Lisa Chatfield began producing shorts and commercials after studying television at the NZ Broadcasting School. Her first feature, Dunedin tale Scarfies, was a solid hit. After time at companies Working Title Australia and Eyeworks, she joined the NZ Film Commission in 2009, and later rose to become Head of Production and Development. In 2016 Chatfield moved to Pūkeko Pictures, as Head of Scripted Development.
Director Peter Salmon first won attention with 1998 chase romp Playing Possum. In 2007, his coming of age short Fog was invited to Critics' Week at the Cannes Film Festival. His extensive CV of television credits includes Being Eve, Outrageous Fortune and The Wot Wots. Since moving to Australia in 2012, Salmon has directed several high profile drama series including Rake, Offspring and Wanted.
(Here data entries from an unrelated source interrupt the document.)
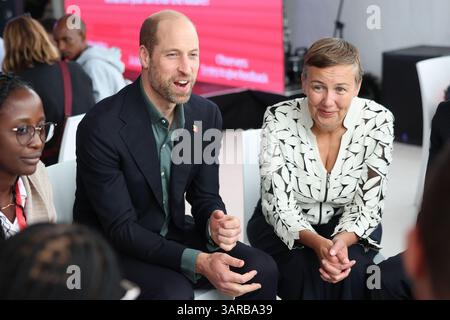 Photo datée du 04/11/24 du Prince de Galles et de la PDG d’Earthshot Hannah Jones (à droite) rencontrent de jeunes écologistes de toute l’Afrique et de l’Asie du Sud-est qui participent au premier Earthshot Prize Climate leaders Programme, sur Rooftop on Bree au Cap, en Afrique du Sud. Le prince de Galles a rendu hommage à la patronne du Earthshot Prize, Hannah Jones, qui a décidé de « passer le relais » et de se retirer. William a déclaré que Mme Jones, la présidente-directrice générale sortante, avait construit « une organisation de classe mondiale » dans le cadre de l'initiative environnementale. Date d'émission : jeudi 17 avril 2025. Banque D'Images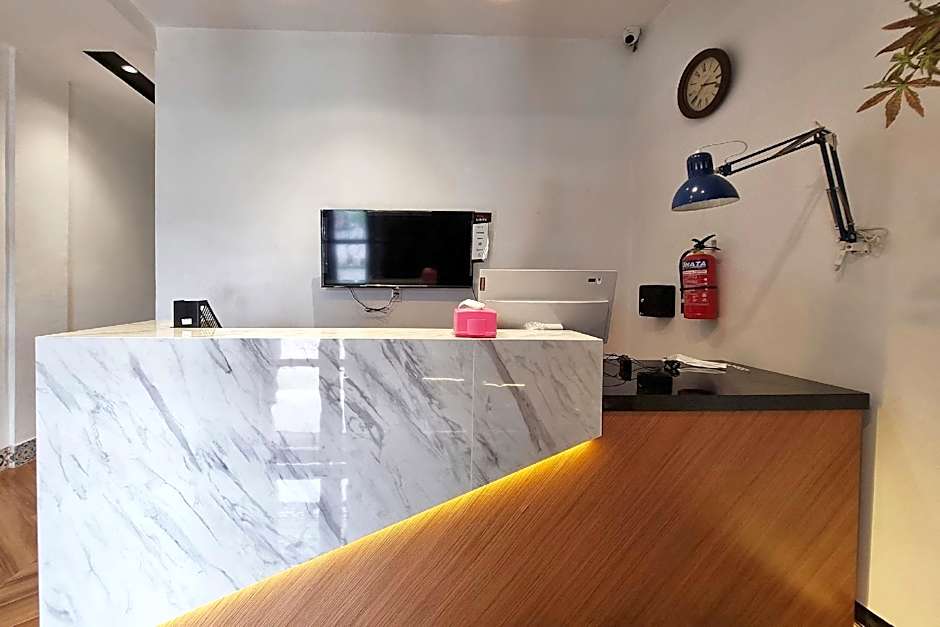 OYO 90447 Kardopa Hotel Megapark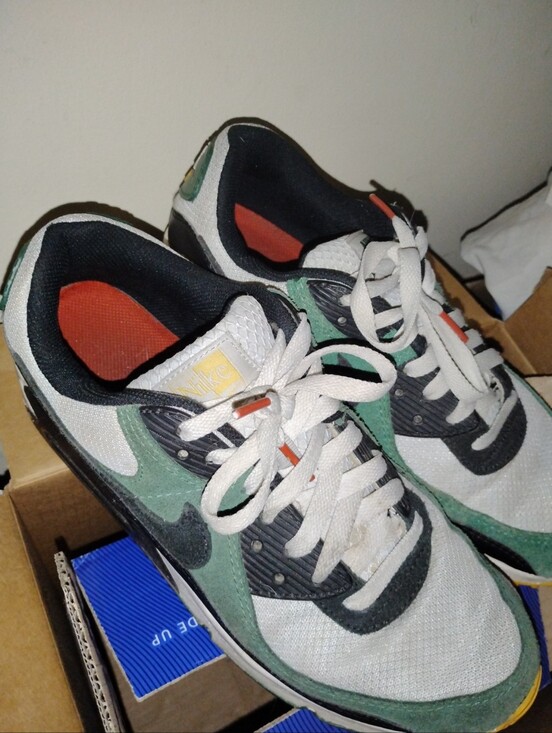 Nike Other - Nike Men's Green & Black Low-Top Casual Sneakers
Special effects man and designer Richard Taylor got his break making puppets for 1980s comedy series Public Eye. He has gone on to become a key part of the Weta effects empire, supervising the creation of orcs, zombie mishaps and miniature cities for movies and TV shows. A passionate advocate for Kiwi talent, Taylor and his team have scored five New Zealand screen awards, four BAFTAS and five Academy Awards.
Veteran wildlife cameraman Robert Brown has filmed everything from polar bears to pukeko in places from the Arctic to the Antarctic. He shot the rare bird stories that led to the formation of state television's Natural History Unit (later NHNZ), and contributed to classic BBC David Attenborough series, such as Life on Earth and The Living Planet. In 1981 he won a Feltex Award for his work on Wild South.
Brit-born Martin Baynton has authored more than 30 children's books. After emigrating down under in 1987, he began developing television shows based on his work. After joining Richard Taylor and Tania Rodger to adapt his book series Jane and the Dragon for TV, the trio founded company Pūkeko Pictures and made successful pre-school export The WotWots. The sometime actor also narrated on WotWots.
Matasila Freshwater is a Wellington director with a background in animation, anthropology and design. She cut her creative teeth on a run of 48 Hour filmmaking competitions (including 2017 Best Animation winner The Real Rare Arctic Firefly). Her award-winning short Shmeat – the tale of a mad scientist who devises a new food source – was chosen for the 'New Zealand’s Best' section of the 2016 NZ International Film Festival. Freshwater is an Assistant Director at Wellington's Pūkeko Pictures (working on WotWots spin-off Kiddets); she is also one of eight directors behind Vai, a Pacific Island follow-up to feature Waru.
Angela Littlejohn was a producer on Kiwi features Show of Hands, Separation City and Apron Strings. Prior to that she spent 15 years in London — including six in production and finance for Channel Four, where she worked on Trainspotting. After returning downunder, Littlejohn was producer on a run of short films, including Cannes Film Festival invitee Fog, and her first feature, 2008's Show of Hands. In 2014 she became Head of Production at Wellington company Pūkeko Pictures, where she has been on the producing team for the relaunch of TV classic Thunderbirds, and Australian-set dystopia Cleverman.
Theo Baynton worked his way up the creative ladder as a designer and director, first at Auckland's Huhu Studios, then at Weta Workshop, where he production designed the animated Jane and the Dragon. Baynton went on to direct 76 episodes of export hit The WotWots. He now develops children's productions for Pūkeko Pictures, the company founded by Richard Taylor and his father, Brit-born author Martin Baynton.
Kiwi Chris Dudman studied film at Ilam and London’s Royal College of Art; his graduation short was nominated for a student Oscar. After working on arts documentaries in the UK, Dudman returned to NZ in 1995. Since then he has directed drama shows (the high-rating Harry), documentaries (The Day that Changed My Life), attention-grabbing shorts (Choice Night), and a number of high profile ads for his company Robber’s Dog.